127 Hours
Feature Film |A tense, moving, and visionary success.
James Franco, in what is essentially a one-man show, delivers an almost flawless performance as a trapped hiker faced with his own mortality in Danny Boyle's 127 Hours. The film relates the true story of Aron Ralston, an experienced young outdoorsman, who, after an accident while hiking in Utah, finds himself hopelessly stuck in a narrow slot canyon, his arm pinned to the rock wall by an immovable boulder. The director and his creative team imaginatively delve into Ralston's unraveling psyche as his food, water, and stamina dwindle. Franco masterfully illustrates Ralston's slow mental and emotional erosion as he grapples with the relationships that have shaped his life, voicing his regrets while recording his goodbyes with his Mini-DV camera.
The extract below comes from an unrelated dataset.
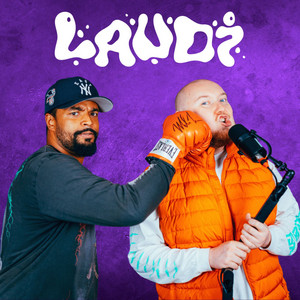 Cover: LAUDI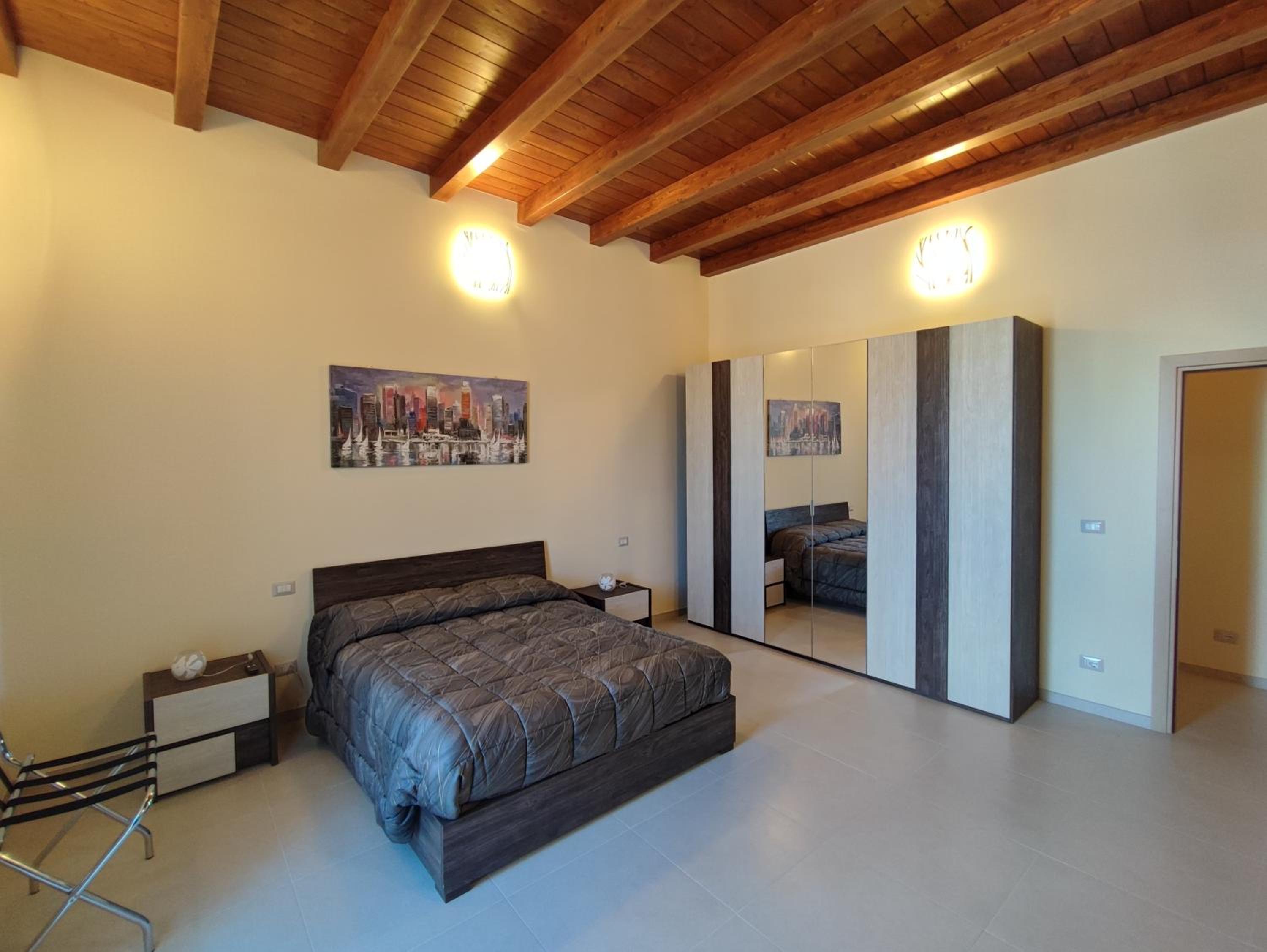 Two-Bedroom Apartment - Photo 26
Boyle effectively evokes the claustrophobia of Ralston's predicament, particularly by using the juxtaposition of gorgeous, sweeping aerial shots in the beginning of the movie. Impressively, though, the director so deftly mixes angles and film stock (including the DV camera footage) with split-screen flashbacks and Ralston's own hallucinations that no two shots seem exactly alike. Though Franco's character is immobile for most of the film, there is a constant, pervasive sense of momentum that grips and engrosses from start to finish.